Many still suspect North Korea could be up to something. It declared a suspension of nuclear tests and blew up its nuclear test site in Punggye-ri. Its communist party mouthpiece Rodong Sinmun said in an editorial on May 28 that the regime will proceed with denuclearization on its own “timetable” and claimed its suspension of nuclear test is a part of “global nuclear arms buildup.” It was strongest indication that it will stay nuclear-armed and demand benefits — easing sanctions and aid — through what it calls a “phased and simultaneous process” instead of a fast and packaged settlement as demanded by the United States. Moreover, North Korea suddenly announced a freeze in nuclear testing after it carried out back-to-back tests and claimed to have weaponized missiles. Its action is identical to what India and Pakistan had done. It may be attempting to secure nuclear power status like India and Pakistan by buying time to make Seoul and Washington grow immune to North Korea’s nuclear weapons.

We hope these suspicions prove to be wrong. But Pyongyang so far has not given clear answers to dispel such skepticism. Upon receiving a letter in a big envelope from Kim Jong-un, U.S. President Donald Trump confirmed the June 12 summit was back on track and said there won’t necessarily be a signing at the Singapore meeting as more meetings could be needed. Given the showy ways of Kim and Trump, the two may end the summit with a self-congratulatory agreement. Both need to take home a winning trophy. Yet the meeting could end up a catastrophe if Washington smells foul play.

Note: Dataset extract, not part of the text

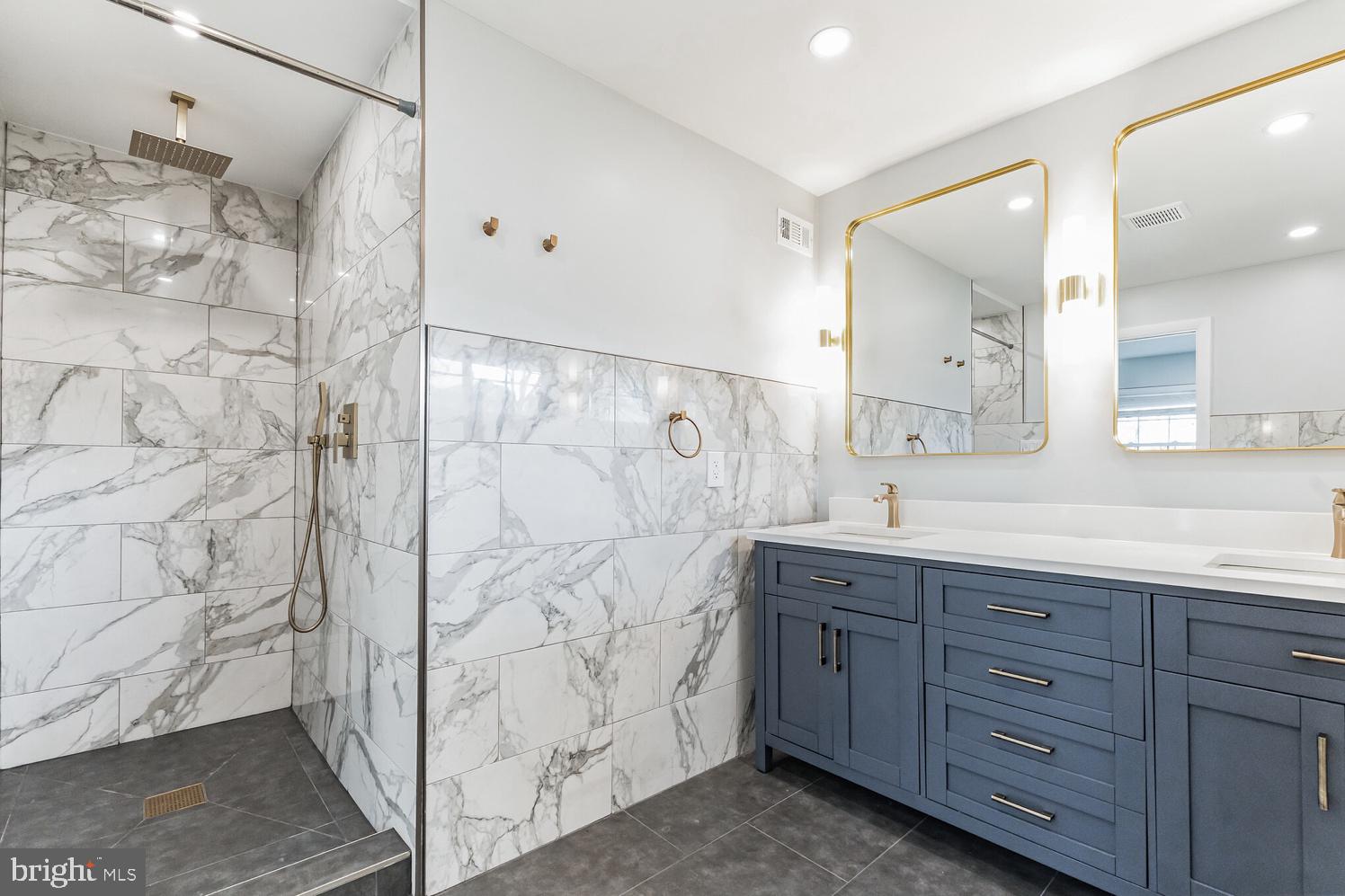 7016 Donna Circle Annandale, VA 22003 - Photo 16 of 30 a spacious bathroom with a granite countertop sink mirror and double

Kim must make a choice. He must be sincere in ushering his country onto the path of denuclearization. He must be able to clear out up the lingering doubts among South Koreans and Americans. President Moon Jae-in is different from his predecessor Park Geun-hye. She seriously believed Pyongyang was crumbling and banned any inter-Korean contact. But Moon pursued détente and invited North Koreans to the PyeongChang Winter Olympics despite strong protests from conservatives and set the path for dialogue between the two Koreas and Pyongyang and Washington.

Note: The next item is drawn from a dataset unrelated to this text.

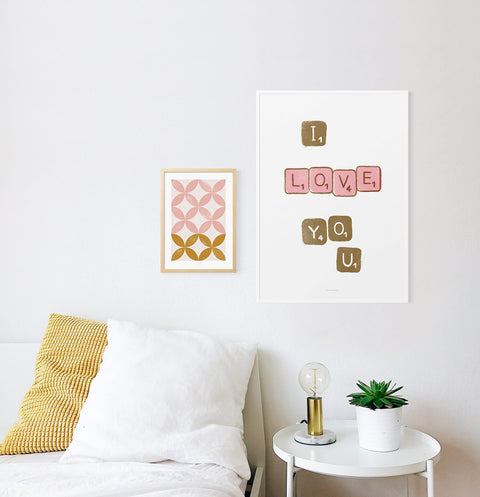 I love you poster about love. Bedroom prints above bed featuring scrabble letters saying the words "I love you". Love poster hanging over the bed in white minimalist bedroom. Bedroom gallery wall.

Moon discreetly met with the chiefs of the World Bank and the Asian Development Bank to pitch for their support for North Korean development. U.S. Secretary of State Mike Pompeo said the United States envisions “a strong, connected and secure, prosperous” North Korea if it commits itself to complete, verifiable and irreversible denuclearization. Kim must have faith in South Korea and the United States. He must end the vicious cycle of signing an agreement and then scrapping it. Song Min-soon, former foreign minister under President Roh Moo-hyun and Seoul’s point man in six-party talks, said Trump and Moon’s new approach could provide an opportunity to solve the impasse in the North Korean nuclear problem. His prophesy has become real. The North Korean affair has entered an entirely new phase thanks to radical leaders like Moon and Trump. Kim envisions tens of industrial parks like the inter-Korean joint venture complex at Kaesong. He ordered officials to study economic systems of other countries as the country no longer can be sustained on its outmoded model. The players are ready for a game in a different league. They must play like a new team.

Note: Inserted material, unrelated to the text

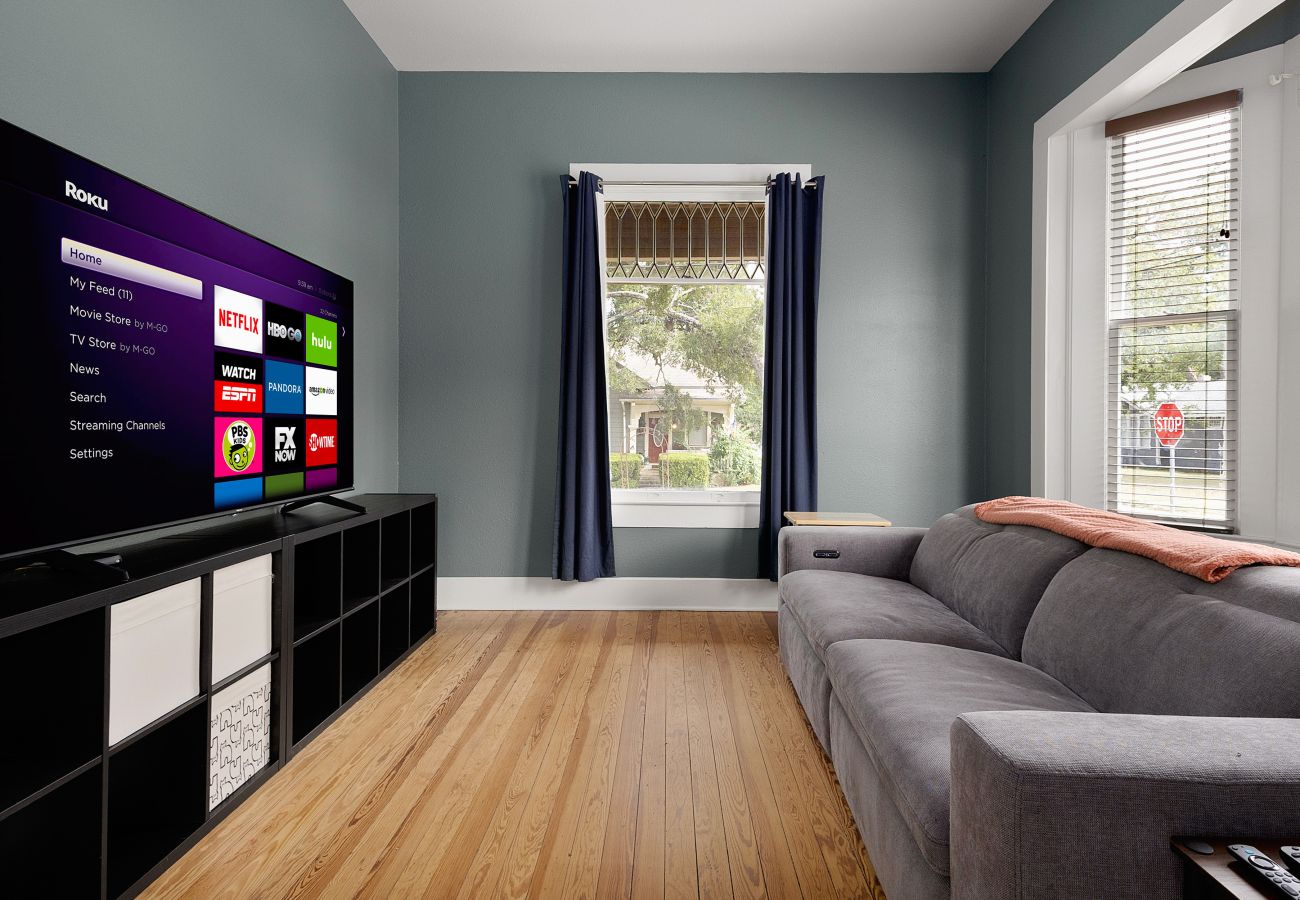 Media room large smart TV gray convertible sofa, wood floors in Seguin vacation rental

North Korea will be shunned by international society as well as kill the dialogue momentum with South Korea and the United States if it fakes denuclearization. Pompeo emphasized it was up to North Korea if it wants a historic outcome and enter a new era of peace and prosperity. Over 9,200 nuclear scientists and engineers are said to be behind the North Korean nuclear program. It won’t be easy to part with its decades of work.

But North Korea must abandon its commitment to nuclear development. The math and science brains of North Korea can help make their country a powerhouse in science and technology. South Korea and the United States have put all their hearts into this summit. It’s Kim’s turn to show his cards.